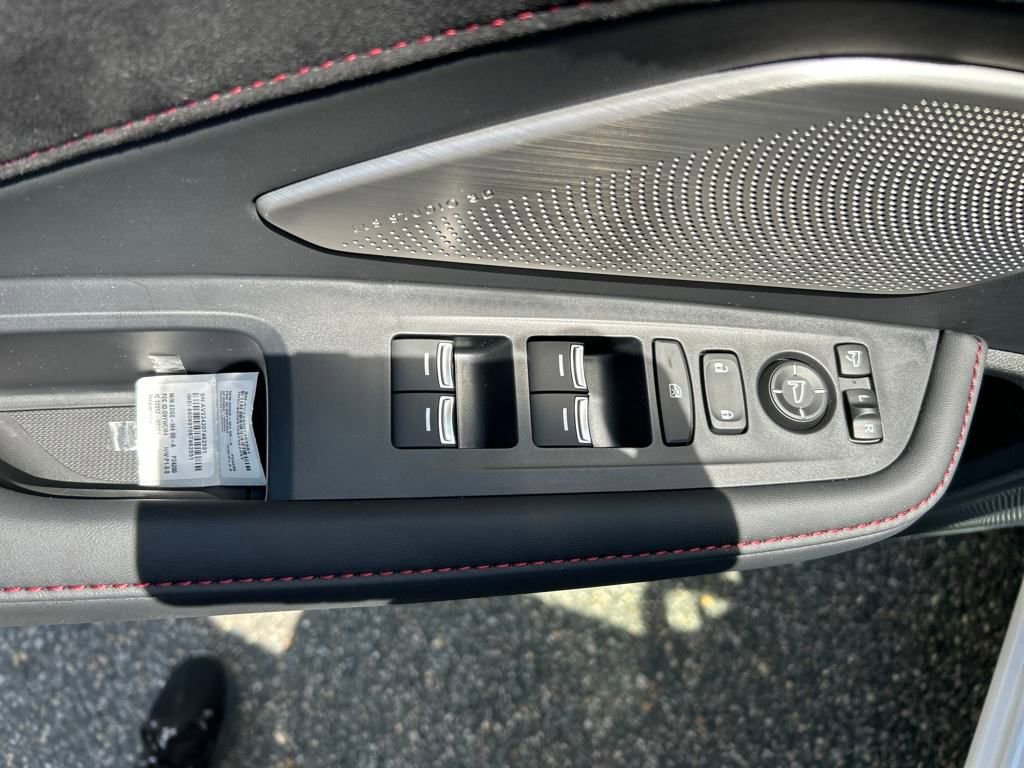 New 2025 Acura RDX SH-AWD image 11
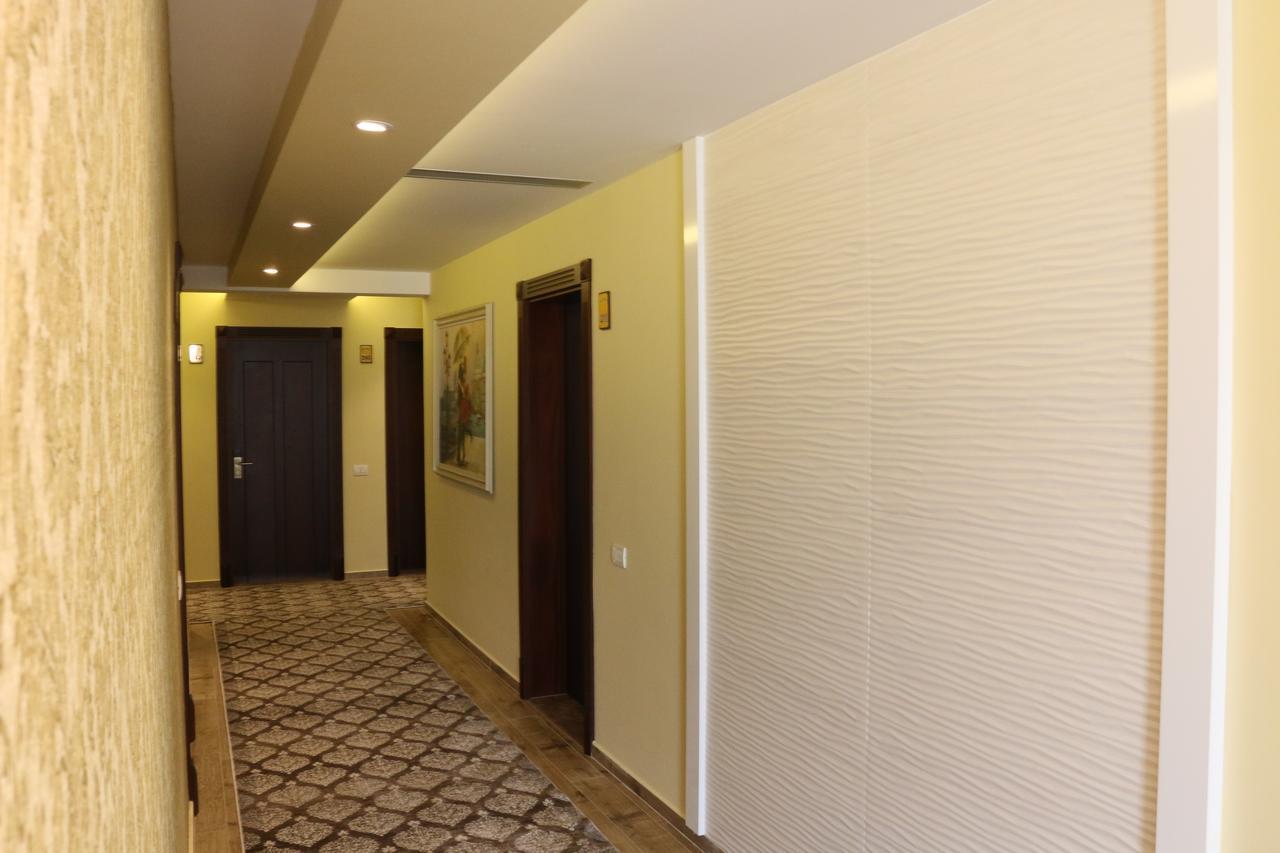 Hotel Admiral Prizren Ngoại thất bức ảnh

* * *

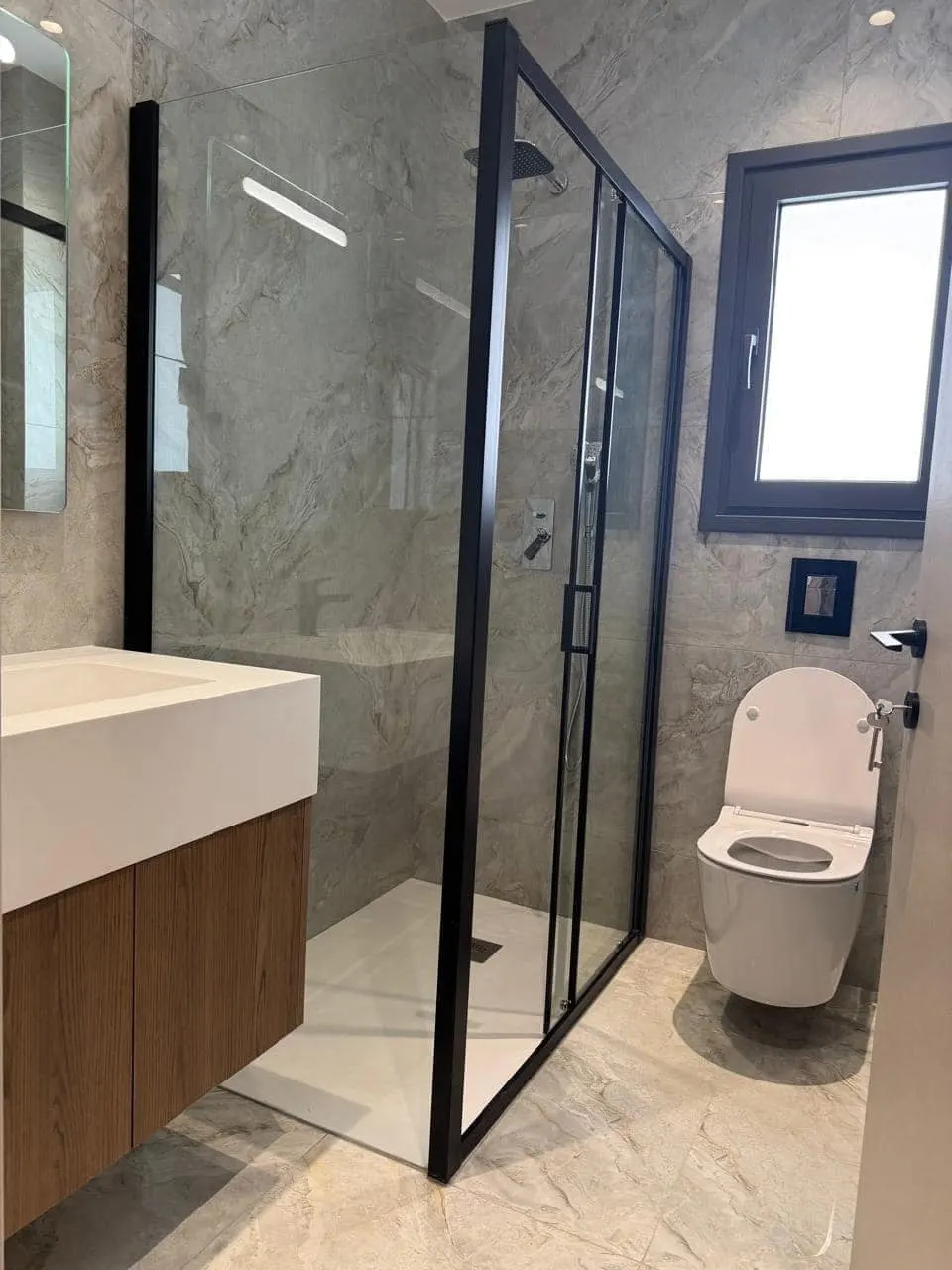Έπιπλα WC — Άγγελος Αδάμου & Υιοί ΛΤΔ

● **WHAT TO DO**: In the entries above, find the line with "New 2025 Acura RDX SH-AWD image 11" and the line with "Hotel Admiral Prizren Ngoại thất bức ảnh". Write out exactly those two lines and every line between them, pictures excluded.

● **RESULT BELOW**:
 New 2025 Acura RDX SH-AWD image 11
 Hotel Admiral Prizren Ngoại thất bức ảnh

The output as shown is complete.